Input data
__________

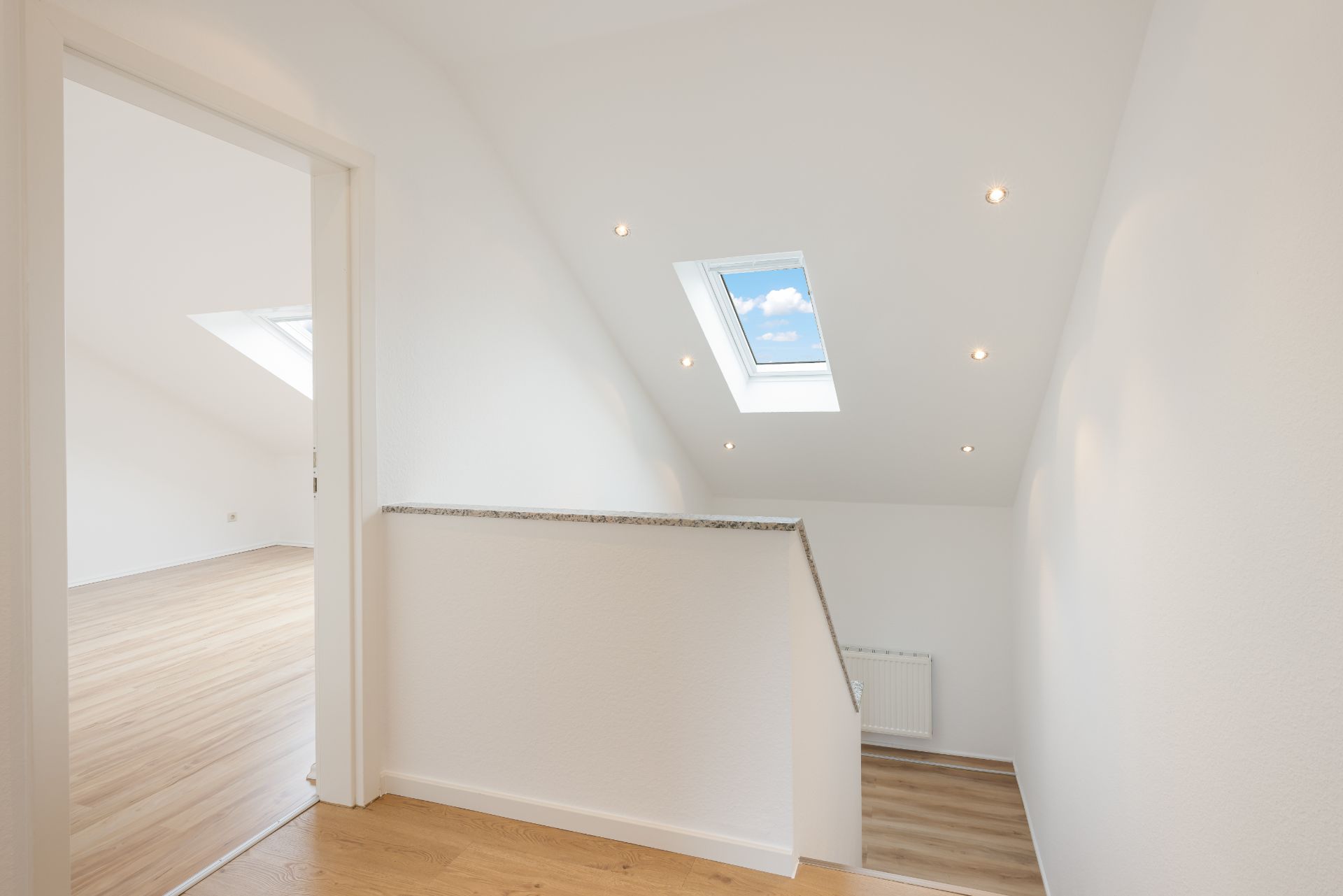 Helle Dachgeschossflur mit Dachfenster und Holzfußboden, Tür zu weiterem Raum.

__________

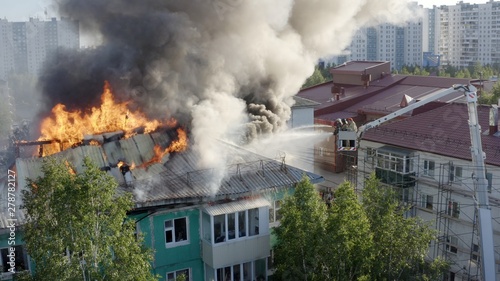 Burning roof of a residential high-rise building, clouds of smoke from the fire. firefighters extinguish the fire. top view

__________

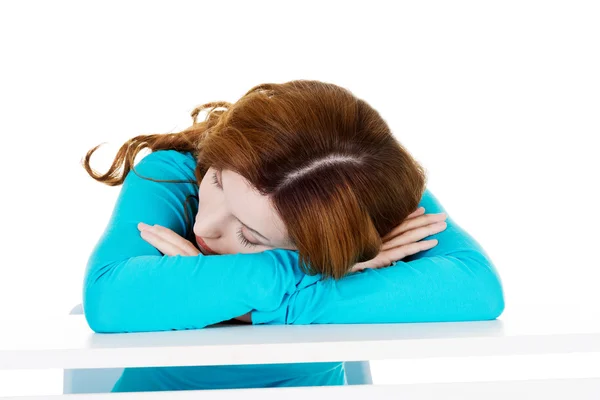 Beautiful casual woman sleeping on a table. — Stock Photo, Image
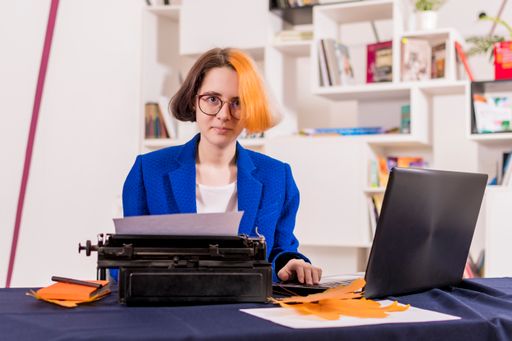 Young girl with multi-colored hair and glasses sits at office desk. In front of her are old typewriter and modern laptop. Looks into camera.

__________

Exercise
Above this task is a listing with pictures in it. Retype only the lines from the one containing "Beautiful casual woman" through the one containing "Young girl with", both included, and not the pictures.

Exercise output
 Beautiful casual woman sleeping on a table. — Stock Photo, Image
 Young girl with multi-colored hair and glasses sits at office desk. In front of her are old typewriter and modern laptop. Looks into camera.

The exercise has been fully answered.